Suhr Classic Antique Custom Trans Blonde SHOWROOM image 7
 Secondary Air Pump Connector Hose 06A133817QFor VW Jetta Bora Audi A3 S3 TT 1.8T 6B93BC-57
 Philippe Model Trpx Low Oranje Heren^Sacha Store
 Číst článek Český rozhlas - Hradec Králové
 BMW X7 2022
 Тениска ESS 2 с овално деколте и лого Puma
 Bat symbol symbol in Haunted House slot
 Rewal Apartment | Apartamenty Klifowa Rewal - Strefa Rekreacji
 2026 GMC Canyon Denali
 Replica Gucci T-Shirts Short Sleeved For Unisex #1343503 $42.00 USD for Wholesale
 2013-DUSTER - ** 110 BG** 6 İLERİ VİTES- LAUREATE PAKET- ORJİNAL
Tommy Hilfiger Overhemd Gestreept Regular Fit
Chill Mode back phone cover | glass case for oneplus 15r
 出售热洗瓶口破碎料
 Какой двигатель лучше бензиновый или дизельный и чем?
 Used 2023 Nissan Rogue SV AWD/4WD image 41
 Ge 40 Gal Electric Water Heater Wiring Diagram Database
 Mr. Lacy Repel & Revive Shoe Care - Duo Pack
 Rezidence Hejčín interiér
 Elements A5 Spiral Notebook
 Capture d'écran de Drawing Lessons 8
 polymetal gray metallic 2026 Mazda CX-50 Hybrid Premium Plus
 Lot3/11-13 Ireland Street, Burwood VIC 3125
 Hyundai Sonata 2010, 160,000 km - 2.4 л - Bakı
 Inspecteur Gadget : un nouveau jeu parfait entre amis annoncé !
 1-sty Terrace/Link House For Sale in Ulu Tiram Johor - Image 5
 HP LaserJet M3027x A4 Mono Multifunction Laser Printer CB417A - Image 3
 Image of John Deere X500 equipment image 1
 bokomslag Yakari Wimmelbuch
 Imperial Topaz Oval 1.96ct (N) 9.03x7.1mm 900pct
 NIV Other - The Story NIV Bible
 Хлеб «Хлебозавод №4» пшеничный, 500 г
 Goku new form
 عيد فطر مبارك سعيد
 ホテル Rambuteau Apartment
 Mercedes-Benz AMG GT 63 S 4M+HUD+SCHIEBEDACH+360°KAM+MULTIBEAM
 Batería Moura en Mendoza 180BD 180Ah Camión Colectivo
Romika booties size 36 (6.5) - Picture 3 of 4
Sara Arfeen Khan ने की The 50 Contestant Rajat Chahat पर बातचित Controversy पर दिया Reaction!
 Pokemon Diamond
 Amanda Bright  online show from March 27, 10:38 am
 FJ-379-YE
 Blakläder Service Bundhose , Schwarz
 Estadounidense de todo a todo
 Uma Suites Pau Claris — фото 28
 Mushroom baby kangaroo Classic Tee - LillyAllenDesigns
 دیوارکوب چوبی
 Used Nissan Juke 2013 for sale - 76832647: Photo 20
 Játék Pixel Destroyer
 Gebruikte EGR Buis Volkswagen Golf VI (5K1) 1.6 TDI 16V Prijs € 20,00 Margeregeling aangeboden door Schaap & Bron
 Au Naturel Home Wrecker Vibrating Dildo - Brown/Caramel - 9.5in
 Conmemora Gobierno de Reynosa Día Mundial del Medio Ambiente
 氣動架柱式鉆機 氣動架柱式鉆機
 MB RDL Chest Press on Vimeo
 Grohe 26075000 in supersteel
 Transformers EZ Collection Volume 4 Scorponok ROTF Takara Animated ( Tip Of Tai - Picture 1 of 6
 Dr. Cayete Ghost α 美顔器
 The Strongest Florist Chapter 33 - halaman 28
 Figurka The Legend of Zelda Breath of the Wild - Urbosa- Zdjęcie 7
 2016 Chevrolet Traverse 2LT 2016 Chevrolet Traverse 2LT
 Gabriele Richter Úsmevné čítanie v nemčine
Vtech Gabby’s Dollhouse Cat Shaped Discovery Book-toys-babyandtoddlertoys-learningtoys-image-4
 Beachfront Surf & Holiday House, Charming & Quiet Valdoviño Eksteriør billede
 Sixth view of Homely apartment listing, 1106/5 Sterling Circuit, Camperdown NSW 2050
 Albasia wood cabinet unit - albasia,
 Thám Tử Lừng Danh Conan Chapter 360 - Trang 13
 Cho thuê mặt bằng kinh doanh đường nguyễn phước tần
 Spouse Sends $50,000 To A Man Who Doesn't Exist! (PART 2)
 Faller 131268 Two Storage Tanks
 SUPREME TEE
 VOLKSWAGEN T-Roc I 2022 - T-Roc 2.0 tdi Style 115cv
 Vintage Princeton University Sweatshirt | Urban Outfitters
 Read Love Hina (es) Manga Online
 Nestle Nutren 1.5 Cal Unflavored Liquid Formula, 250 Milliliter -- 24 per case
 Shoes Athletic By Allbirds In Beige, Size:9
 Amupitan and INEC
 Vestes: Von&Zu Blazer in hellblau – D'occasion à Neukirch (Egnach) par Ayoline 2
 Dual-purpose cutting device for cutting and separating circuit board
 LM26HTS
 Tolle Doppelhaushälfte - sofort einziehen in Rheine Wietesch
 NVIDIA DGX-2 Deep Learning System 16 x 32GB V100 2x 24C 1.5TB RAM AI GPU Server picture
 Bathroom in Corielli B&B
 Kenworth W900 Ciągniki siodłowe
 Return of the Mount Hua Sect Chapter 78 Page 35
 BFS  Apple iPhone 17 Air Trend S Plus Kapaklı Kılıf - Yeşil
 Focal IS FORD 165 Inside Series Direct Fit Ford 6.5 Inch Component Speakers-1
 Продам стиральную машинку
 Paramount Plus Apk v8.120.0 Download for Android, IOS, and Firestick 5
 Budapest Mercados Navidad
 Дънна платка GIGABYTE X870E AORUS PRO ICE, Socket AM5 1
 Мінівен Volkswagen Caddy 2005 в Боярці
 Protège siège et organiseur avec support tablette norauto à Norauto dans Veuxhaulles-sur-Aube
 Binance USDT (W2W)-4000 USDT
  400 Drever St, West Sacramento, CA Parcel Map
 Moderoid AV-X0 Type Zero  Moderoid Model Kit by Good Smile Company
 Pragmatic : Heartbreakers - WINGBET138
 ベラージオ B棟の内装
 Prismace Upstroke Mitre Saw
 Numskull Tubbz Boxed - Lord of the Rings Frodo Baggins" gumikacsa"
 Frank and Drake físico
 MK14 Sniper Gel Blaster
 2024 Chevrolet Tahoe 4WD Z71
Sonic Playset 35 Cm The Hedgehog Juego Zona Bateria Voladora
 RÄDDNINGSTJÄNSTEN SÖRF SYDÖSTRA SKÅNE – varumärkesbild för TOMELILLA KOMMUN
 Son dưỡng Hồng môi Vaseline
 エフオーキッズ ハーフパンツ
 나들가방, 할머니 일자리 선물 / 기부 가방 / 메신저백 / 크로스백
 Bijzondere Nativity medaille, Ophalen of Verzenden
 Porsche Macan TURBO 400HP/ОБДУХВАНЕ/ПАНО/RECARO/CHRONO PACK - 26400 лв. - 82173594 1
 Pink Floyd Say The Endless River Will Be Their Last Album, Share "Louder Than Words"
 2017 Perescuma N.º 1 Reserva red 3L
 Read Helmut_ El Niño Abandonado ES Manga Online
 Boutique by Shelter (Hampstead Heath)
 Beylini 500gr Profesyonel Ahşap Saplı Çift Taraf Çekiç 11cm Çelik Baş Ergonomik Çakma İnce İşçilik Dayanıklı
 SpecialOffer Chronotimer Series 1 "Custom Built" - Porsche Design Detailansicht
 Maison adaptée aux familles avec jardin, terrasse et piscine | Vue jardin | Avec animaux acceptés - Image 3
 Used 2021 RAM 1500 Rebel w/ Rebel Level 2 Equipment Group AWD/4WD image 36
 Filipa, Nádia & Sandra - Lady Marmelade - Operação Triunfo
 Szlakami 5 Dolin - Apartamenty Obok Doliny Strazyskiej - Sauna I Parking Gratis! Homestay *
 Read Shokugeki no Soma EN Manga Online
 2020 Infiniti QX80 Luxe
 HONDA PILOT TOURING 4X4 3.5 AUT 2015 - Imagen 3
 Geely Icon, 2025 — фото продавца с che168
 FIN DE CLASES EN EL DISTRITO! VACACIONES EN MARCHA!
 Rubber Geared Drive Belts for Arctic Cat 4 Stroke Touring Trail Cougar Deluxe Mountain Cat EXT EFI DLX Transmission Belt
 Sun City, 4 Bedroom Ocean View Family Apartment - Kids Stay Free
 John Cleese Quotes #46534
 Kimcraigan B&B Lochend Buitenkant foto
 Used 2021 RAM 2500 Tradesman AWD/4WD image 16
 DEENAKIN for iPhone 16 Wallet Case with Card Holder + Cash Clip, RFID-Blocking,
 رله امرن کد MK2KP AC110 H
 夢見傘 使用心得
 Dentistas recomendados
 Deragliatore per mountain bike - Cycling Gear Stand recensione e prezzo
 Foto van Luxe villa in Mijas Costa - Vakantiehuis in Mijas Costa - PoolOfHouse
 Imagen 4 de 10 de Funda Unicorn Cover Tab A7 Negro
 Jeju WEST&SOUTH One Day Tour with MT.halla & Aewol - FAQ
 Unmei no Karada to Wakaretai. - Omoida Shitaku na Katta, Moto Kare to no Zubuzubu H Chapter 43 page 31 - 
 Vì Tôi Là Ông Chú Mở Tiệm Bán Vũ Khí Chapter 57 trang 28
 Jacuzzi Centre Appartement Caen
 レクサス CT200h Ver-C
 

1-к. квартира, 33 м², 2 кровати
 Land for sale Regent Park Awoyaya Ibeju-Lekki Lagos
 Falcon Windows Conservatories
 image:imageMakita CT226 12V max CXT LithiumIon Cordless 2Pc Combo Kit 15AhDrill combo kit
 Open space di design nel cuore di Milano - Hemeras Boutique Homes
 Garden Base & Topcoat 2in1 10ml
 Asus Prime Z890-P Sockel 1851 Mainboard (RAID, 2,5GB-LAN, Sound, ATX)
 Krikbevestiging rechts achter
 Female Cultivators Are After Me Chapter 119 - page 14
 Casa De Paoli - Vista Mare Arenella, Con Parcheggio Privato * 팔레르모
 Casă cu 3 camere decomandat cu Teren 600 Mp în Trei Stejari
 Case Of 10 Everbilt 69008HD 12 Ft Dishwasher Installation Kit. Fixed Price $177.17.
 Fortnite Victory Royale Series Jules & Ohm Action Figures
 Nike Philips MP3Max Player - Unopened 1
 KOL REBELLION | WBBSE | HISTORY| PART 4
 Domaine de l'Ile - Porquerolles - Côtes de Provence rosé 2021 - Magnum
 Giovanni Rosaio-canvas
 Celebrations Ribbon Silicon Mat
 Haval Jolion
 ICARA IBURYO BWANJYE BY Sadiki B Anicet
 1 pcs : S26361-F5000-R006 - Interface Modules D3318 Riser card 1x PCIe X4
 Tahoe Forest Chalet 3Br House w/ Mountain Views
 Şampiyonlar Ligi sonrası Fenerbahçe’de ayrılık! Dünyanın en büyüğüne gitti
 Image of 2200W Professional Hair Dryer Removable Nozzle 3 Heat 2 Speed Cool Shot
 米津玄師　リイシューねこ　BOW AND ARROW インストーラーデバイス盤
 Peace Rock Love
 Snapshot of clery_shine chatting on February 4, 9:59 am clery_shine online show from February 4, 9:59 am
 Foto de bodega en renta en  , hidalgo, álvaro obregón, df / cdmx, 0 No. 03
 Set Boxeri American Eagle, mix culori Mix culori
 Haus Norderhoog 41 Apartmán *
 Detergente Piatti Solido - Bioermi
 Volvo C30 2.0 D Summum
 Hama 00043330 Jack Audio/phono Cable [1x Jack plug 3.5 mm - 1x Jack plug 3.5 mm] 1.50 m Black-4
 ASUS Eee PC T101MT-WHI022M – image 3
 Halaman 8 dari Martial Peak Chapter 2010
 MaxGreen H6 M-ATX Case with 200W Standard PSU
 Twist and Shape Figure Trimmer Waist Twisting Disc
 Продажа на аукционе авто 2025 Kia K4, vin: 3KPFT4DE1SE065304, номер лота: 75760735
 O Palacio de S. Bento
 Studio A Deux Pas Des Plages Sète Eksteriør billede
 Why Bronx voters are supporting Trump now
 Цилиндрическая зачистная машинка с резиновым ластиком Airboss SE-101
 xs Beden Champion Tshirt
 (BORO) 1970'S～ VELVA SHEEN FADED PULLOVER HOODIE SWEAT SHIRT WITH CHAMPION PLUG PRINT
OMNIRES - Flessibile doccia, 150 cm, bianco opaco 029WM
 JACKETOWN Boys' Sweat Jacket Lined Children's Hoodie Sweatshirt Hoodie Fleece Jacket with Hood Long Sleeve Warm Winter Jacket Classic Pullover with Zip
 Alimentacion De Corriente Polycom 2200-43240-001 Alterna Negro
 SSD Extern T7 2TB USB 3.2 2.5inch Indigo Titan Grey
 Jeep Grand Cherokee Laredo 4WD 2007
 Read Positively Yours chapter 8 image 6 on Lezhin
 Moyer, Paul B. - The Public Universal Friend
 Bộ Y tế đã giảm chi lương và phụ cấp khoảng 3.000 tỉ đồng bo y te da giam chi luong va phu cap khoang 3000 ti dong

# EXERCISE REQUIREMENTS
The entries above hold a line with "Faller 131268 Two Storage Tanks" and a later line with "Return of the". Write out exactly those lines and all lines between, nothing more.

# YOUR RESPONSE
 Faller 131268 Two Storage Tanks
 SUPREME TEE
 VOLKSWAGEN T-Roc I 2022 - T-Roc 2.0 tdi Style 115cv
 Vintage Princeton University Sweatshirt | Urban Outfitters
 Read Love Hina (es) Manga Online
 Nestle Nutren 1.5 Cal Unflavored Liquid Formula, 250 Milliliter -- 24 per case
 Shoes Athletic By Allbirds In Beige, Size:9
 Amupitan and INEC
 Vestes: Von&Zu Blazer in hellblau – D'occasion à Neukirch (Egnach) par Ayoline 2
 Dual-purpose cutting device for cutting and separating circuit board
 LM26HTS
 Tolle Doppelhaushälfte - sofort einziehen in Rheine Wietesch
 NVIDIA DGX-2 Deep Learning System 16 x 32GB V100 2x 24C 1.5TB RAM AI GPU Server picture
 Bathroom in Corielli B&B
 Kenworth W900 Ciągniki siodłowe
 Return of the Mount Hua Sect Chapter 78 Page 35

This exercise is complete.